A road trip across the United States – using any mode – does not feel complete without a visit to one of the national parks.
Naturally, I over-committed in my planning, telling myself I would visit as many of the large, wild reserves as possible. But when I began to research the best ways to reach them, it turned out my only practical option was by car, considering I would have been biking along mountainous highways without much protection, food, or shelter.
Through the font of persistence and ingenuity that builds with biking over mountains and into rainstorms, I did manage a side trip to Grand Canyon and Bryce Canyon national parks. After conceding to riding in a car, reaching these parks confirmed my impression that – while the remoteness of many national parks is part of their allure – the lacking transportation options makes them inaccessible to those without cars, money, or a lot of time.
A system that is so favorable to cars places a burden on itself and visitors for that very reason. With growing numbers of visitors, surpassing 300 million in 2015, the National Park Service is struggling to maintain its infrastructure as millions of cars wear down the roads. In addition, despite diversity initiatives – about 78 percent of visitors are white – indicating national parks remain inaccessible to many underprivileged and minority Americans. As the Park Service explores its options, the existing driving standard forms a barrier to many of these goals.
The Park Service appears to be aware of the need for alternative transportation modes, both to attract more visitors and to minimize the impacts of cars. There does seem to be some funding plans to implement intra-park shuttle services and to encourage visitors to seek car alternatives.
As a result, non-driving mobility is fairly easy inside certain parks, such as Grand Canyon and Acadia national parks, both of which have extensive shuttle networks that accommodate significant numbers of people. Acadia’s free Island Explorer buses (above) have proven especially successful, moving more than 530,000 people around the park each year, and is supported by a grant from L.L. Bean. However, these two appear to be exceptions.
Most parks have warnings about traffic congestion and suggest alternatives, promoting shuttles where they are available. Yet congestion still persists, leading to items like Yosemite’s traffic graphs (below) that inform car-bound visitors what times they are likely to deal with congested roads. Without a robust system that allows people to leave their cars outside the park, it will be tough for NPS to shift many visitors to transit.
Though the Park Service is working on several programs that get people out of their cars in the parks, reaching them is still a significant challenge. Of the 10 most popular parks in 2015, Smoky Mountain and Zion have no alternatives to driving access, while six others have confusing and indirect connections to nearby population centers. In the Southwest, there is the Grand Canyon Railway, which connects to Amtrak’s Southwest Chief route in Arizona, and there are private coach companies with confusing websites from airports to towns bordering Olympic and Yellowstone’s park entrances. However, they are often too expensive and time-consuming to encourage many people to consider them over their own or rental vehicles.

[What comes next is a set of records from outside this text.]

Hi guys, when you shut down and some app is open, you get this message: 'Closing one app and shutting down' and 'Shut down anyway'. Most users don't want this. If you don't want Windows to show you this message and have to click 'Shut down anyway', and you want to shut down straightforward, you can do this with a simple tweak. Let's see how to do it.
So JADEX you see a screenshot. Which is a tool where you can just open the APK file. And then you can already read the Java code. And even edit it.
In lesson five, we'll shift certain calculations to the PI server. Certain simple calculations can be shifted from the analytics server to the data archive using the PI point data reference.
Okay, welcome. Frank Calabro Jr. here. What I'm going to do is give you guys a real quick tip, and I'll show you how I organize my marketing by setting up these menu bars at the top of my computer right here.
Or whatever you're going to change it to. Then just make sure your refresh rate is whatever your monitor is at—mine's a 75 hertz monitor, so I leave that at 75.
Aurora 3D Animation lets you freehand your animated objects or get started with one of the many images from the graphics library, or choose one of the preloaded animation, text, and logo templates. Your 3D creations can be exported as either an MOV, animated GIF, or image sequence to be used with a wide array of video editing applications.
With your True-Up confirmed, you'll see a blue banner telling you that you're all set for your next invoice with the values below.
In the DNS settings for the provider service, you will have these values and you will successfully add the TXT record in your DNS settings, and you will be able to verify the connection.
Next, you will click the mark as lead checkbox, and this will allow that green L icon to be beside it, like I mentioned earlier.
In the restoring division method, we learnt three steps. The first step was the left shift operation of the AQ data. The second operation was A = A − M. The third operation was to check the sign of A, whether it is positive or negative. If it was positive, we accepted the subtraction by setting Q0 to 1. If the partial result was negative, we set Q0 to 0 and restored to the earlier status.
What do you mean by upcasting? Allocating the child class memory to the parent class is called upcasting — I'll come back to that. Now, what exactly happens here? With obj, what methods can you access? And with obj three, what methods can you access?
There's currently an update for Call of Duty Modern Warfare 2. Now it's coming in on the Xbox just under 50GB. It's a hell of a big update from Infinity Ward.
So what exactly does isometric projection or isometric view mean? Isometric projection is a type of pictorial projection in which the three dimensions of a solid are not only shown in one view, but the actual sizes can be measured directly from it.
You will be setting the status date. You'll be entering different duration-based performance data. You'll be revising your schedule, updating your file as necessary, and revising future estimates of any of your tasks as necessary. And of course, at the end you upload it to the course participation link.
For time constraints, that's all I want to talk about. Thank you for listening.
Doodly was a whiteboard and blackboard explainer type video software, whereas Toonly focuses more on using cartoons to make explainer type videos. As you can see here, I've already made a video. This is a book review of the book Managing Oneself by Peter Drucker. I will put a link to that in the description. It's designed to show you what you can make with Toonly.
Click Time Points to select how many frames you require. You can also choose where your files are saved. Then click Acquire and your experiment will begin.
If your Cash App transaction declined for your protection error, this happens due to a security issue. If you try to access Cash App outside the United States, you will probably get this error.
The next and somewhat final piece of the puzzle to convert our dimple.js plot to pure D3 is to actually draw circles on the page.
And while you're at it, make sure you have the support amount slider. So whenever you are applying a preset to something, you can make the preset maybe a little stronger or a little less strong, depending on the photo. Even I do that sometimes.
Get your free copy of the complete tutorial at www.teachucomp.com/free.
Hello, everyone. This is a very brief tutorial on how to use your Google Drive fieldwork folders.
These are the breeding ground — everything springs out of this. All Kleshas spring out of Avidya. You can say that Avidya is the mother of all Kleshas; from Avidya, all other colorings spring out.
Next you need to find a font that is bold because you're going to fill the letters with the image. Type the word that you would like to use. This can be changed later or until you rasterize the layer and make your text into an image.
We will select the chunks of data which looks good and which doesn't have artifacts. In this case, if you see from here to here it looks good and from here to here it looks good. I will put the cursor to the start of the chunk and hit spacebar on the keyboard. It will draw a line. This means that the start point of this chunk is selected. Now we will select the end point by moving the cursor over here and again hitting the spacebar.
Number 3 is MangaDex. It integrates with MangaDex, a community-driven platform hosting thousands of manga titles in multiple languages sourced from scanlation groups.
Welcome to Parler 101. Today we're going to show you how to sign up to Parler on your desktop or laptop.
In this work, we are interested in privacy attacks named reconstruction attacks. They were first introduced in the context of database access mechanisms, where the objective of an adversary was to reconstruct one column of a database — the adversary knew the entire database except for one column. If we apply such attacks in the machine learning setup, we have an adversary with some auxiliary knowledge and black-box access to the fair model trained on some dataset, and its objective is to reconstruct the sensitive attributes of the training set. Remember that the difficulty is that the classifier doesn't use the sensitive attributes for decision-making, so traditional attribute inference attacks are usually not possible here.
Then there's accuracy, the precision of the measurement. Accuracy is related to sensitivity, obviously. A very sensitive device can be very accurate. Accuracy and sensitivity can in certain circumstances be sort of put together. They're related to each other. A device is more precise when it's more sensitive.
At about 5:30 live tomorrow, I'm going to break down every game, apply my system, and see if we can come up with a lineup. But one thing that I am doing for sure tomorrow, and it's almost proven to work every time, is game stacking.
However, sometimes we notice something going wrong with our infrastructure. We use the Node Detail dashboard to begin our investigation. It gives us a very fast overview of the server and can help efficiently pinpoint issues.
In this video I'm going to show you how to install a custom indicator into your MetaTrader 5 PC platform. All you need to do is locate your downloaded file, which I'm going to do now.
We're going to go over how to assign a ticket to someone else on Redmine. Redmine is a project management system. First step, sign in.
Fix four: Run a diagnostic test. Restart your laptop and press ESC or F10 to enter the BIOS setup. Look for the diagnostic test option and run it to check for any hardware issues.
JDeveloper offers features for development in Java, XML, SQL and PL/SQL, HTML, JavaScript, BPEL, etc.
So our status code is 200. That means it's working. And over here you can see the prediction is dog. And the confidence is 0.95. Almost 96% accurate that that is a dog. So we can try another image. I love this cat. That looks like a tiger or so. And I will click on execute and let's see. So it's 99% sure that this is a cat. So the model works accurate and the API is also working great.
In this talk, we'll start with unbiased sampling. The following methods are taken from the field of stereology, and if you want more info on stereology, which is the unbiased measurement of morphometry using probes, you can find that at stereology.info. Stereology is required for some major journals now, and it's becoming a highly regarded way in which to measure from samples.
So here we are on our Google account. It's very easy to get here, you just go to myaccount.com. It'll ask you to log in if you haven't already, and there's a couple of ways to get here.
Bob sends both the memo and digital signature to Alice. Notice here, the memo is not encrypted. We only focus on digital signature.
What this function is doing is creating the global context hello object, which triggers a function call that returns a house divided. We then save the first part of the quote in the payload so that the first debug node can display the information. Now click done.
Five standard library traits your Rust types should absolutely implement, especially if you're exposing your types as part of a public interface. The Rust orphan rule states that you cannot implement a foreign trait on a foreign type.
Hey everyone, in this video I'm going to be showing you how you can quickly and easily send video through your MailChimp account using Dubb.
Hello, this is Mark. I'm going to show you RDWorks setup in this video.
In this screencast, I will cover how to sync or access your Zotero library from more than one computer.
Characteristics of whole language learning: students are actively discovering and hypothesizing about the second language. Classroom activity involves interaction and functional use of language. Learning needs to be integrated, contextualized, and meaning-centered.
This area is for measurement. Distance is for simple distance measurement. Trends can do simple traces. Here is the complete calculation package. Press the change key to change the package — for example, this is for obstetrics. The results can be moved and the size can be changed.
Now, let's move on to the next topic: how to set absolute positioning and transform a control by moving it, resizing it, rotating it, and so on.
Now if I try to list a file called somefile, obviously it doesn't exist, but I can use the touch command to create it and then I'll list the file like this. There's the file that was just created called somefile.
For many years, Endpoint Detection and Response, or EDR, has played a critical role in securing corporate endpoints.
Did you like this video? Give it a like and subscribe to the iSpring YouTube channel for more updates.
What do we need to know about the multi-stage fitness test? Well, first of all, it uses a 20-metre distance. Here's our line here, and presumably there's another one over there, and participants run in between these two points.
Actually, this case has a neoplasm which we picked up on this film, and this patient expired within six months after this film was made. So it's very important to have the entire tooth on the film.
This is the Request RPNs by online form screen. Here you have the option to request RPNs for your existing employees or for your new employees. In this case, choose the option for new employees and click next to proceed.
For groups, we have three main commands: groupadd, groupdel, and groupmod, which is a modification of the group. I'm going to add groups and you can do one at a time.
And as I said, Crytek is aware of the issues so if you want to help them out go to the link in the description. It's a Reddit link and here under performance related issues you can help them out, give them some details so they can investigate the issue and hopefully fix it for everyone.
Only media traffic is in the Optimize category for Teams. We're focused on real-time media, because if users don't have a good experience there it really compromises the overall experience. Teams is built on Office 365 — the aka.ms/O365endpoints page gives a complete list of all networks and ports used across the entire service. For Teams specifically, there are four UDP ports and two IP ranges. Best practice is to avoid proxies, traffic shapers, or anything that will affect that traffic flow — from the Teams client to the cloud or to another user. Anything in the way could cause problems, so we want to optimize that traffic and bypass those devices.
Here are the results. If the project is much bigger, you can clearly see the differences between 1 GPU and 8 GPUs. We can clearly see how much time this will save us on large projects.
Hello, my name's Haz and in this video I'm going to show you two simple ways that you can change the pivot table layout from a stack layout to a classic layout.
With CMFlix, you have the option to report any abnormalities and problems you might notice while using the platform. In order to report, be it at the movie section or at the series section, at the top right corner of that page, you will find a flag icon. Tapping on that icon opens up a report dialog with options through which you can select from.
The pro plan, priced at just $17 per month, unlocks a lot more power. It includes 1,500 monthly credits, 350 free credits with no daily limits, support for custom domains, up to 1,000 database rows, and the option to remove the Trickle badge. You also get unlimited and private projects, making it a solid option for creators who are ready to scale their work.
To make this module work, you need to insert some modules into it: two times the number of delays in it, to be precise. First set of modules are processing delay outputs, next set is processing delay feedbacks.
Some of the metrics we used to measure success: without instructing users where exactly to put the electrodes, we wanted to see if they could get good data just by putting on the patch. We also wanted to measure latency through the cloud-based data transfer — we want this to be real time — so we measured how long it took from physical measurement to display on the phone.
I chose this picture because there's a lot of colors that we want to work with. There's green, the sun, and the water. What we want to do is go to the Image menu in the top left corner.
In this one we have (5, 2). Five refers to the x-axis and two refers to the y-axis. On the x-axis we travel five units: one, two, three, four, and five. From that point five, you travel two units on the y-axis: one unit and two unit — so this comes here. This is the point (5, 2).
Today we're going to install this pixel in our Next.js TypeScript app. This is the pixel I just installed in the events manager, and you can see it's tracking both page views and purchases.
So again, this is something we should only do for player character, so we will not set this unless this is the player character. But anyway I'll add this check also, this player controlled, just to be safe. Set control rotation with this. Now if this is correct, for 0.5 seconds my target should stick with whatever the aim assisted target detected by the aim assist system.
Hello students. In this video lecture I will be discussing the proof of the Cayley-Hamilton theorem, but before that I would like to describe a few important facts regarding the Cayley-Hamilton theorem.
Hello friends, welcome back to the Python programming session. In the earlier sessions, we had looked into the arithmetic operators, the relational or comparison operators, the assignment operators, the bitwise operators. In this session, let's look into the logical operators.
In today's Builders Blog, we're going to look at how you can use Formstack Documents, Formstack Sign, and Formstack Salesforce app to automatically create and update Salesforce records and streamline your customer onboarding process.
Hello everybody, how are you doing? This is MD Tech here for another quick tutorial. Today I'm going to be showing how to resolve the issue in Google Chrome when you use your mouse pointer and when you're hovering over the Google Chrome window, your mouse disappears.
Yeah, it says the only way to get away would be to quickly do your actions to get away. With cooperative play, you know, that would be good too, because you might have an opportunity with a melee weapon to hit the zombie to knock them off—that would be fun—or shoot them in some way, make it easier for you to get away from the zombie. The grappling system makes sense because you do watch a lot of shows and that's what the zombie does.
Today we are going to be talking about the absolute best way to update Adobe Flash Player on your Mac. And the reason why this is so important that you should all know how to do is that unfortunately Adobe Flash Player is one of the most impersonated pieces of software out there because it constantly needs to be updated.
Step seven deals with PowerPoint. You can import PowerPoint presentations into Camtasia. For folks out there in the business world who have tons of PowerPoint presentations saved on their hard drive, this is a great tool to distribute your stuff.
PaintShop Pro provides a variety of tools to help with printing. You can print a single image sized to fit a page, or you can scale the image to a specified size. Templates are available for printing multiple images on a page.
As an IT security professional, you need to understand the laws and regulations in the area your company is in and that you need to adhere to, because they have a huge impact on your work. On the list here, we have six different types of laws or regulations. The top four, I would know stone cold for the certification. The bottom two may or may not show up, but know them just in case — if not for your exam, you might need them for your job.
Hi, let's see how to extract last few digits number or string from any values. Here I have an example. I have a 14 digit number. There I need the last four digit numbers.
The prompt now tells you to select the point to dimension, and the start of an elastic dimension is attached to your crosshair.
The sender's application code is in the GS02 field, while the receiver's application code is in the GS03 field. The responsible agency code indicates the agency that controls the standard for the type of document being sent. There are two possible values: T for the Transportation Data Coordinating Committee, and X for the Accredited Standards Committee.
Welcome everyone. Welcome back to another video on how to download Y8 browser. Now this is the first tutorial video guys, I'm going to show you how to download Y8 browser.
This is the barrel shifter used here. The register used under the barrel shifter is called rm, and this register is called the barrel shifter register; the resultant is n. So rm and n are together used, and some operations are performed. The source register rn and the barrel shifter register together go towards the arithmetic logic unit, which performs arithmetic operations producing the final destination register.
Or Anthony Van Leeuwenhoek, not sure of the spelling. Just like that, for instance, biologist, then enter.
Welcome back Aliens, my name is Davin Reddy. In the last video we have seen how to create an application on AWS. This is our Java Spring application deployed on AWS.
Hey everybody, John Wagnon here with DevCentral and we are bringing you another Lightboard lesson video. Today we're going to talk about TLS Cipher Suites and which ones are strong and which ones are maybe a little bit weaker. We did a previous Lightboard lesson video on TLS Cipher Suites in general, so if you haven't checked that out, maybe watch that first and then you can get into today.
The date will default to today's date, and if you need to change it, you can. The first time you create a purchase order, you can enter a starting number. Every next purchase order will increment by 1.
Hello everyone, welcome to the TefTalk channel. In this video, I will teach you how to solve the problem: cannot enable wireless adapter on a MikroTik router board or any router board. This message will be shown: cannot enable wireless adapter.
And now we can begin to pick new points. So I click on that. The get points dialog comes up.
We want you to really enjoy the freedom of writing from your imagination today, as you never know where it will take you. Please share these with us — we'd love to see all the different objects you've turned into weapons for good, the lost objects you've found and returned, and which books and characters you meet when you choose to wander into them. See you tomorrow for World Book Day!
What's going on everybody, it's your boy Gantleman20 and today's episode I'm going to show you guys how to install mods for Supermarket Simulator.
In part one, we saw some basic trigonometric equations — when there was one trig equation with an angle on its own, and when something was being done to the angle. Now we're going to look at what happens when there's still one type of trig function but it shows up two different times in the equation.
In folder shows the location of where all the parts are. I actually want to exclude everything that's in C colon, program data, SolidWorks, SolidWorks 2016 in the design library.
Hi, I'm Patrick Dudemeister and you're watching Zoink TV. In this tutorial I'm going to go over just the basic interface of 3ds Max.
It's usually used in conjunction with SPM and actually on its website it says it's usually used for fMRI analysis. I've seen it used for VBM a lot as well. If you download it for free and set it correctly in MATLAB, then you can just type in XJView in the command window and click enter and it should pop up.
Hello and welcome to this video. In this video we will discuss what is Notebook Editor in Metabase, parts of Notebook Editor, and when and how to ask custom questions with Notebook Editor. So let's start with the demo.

On top of money and time investments at parks that do have alternative connections, entrance fees benefit those using cars rather than forgoing them. The cost per person on foot, bike or even a park shuttle is generally $15, while a four-person car is $30 (a 4-person car, then, would only pay $7.50 per person). Unless traveling alone, it is more cost and time effective to use a private motor vehicle than not.
That said, two large parks show promising connections. Glacier National Park provides direct access to Amtrak’s Empire Builder route and the cities that it serves in the upper Mid- and Northwest, while the Yosemite Area Regional Transportation System offers an inter-city bus service whose fare includes park entry fees and connects riders directly to multiple cities and long-distance commuter options. YARTS, in particular, can serve as a good example of where to start, as it’s operated by the Merced County Association of Governments in cooperation with NPS and moves about 100,000 people – 2 percent of visitors – per year. Such progress is an important starting point and possible model for other parks.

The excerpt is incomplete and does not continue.